Our python utility function can then re-write processing cmds as follows:

from accelerometer import accUtils
accUtils.writeStudyAccProcessCmds("myStudy/", cmdsFile="process-cmds-recalibration.txt", \
   outDir="myStudyResults/", filesID="myStudyResults/files-calibration.csv", cmdOptions="--skipCalibration True")
# <list of processing commands written to "process-cmds-recalibration.txt">

These ‘reprocessed’ files can then be processed as outlined in the section above.

Classifying different activity types

Note that a major fix/improvement was introduced in April 2020. You therefore need to download the updated files to achieve this.

$ git pull
$ bash utilities/downloadDataModels.sh
$ pip3 install --user .
$ javac -cp java/JTransforms-3.1-with-dependencies.jar java/*.java

Different activity classification models can be specified to identify different activity types. For example, to use activity states from the Willetts 2018 Scientific Reports paper:

$ python3 accProcess.py data/sample.cwa.gz \
    --activityModel activityModels/willetts2018-apr20Update.tar

To visualise the time series and new activity classification output:

$ python3 accPlot.py data/sample-timeSeries.csv.gz \
    --activityModel activityModels/willetts2018-apr20Update.tar
<output plot written to data/sample-timeSeries-plot.png>
_images/samplePlotWilletts.png

Output plot of class predictions using Willetts 2018 classification model. Note different set of activity classes.

Training a bespoke model

It is also possible to train a bespoke activity classification model. This requires a labelled dataset (.csv file) and a list of features (.txt file) to include from the epoch file.

First we need to evaluate how well the model works on unseen data. We therefore train a model on a ‘training set’ of participants, and then test how well that model works on a ‘test set’ of participant. The command below allows us to achieve this by specifying the test participant IDs (all other IDs will automatically go to the training set). This will output <participant, time, actual, predicted> predictions for each instance of data in the test set to a CSV file to help assess the model:

import accelerometer
accelerometer.accClassification.trainClassificationModel( \
    "activityModels/labelled-acc-epochs.csv", \
    featuresTxt="activityModels/features.txt", \
    testParticipants="4,5", \
    outputPredict="activityModels/test-predictions.csv", \
    rfTrees=1000, rfThreads=1)
# <Test predictions written to:  activityModels/test-predictions.csv>

A number of metrics can then be calculated from the test predictions csv file:

import pandas as pd
from accelerometer import accClassification

# load data
d = pd.read_csv("test-predictions.csv")

# print summary to HTML file
htmlFile = "classificationReport.html"
yTrueCol = 'label'
yPredCol = 'predicted'
participantCol = 'participant'
accClassification.perParticipantSummaryHTML(d, yTrueCol, yPredCol,
    participantCol, htmlFile)

After evaluating the performance of our model on unseen data, we then re-train a final model that includes all possible data. We therefore specify the outputModel parameter, and also set testParticipants to ‘None’ so as to maximise the amount of training data for the final model.
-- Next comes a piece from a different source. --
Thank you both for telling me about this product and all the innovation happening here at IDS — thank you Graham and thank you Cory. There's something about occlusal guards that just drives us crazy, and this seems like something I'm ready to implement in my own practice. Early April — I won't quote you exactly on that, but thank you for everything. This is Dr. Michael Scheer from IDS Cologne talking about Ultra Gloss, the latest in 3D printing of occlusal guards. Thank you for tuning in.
This results in an output .tar model:

import accelerometer
accelerometer.accClassification.trainClassificationModel( \
    "activityModels/labelled-acc-epochs.csv", \
    featuresTxt="activityModels/features.txt", \
    rfTrees=1000, rfThreads=1, \
    testParticipants=None, \
    outputModel="activityModels/sample-model.tar")
# <Model saved to activityModels/sample-model.tar>

This new model can be deployed as follows:

$ python3 accProcess.py --activityModel activityModels/sample-model.tar \
    data/sample.cwa.gz

Leave one out classification

To rigorously test a model with training data from <200 participants, leave one participant out evaluation can be helpful. Building on the above examples of training a bespoke model, we use python to create a list of commands to test the performance of a model trained on unseen data for each participant:

import pandas as pd
trainingFile = "activityModels/labelled-acc-epochs.csv"
d = pd.read_csv(trainingFile, usecols=['participant'])
pts = sorted(d['participant'].unique())

w = open('training-cmds.txt','w')
for p in pts:
    cmd = "import accelerometer;"
    cmd += "accelerometer.accClassification.trainClassificationModel("
    cmd += "'" + trainingFile + "', "
    cmd += "featuresTxt='activityModels/features.txt',"
    cmd += "testParticipants='" + str(p) + "',"
    cmd += "labelCol='label',"
    cmd += "outputPredict='activityModels/testPredict-" + str(p) + ".csv',"
    cmd += "rfTrees=100, rfThreads=1)"
    w.write('python3 -c $"' + cmd + '"\n')
w.close()
# <list of processing commands written to "training-cmds.txt">

These commands can be executed as follows:

$ bash training-cmds.txt

After processing the train/test commands, the resulting predictions for each test participant can be collated as follows:

$ head -1 activityModels/testPredict-1.csv > header.csv
$ awk 'FNR > 1' activityModels/testPredict-*.csv > tmp.csv
$ cat header.csv tmp.csv > test-predictions.csv
$ rm header.csv
$ rm tmp.csv

As indicated just above (under ‘Training a bespoke model’), a number of metrics can be calculated for the ‘testPredict-all.csv’ file.

Advanced usage

To list all available processing options and their defaults, simply type:

$ python3 accProcess.py -h

Some example usages:

Specify file in another folder (note: use “” for file names with spaces):

$ python3 accProcess.py "/otherPath/other file.cwa"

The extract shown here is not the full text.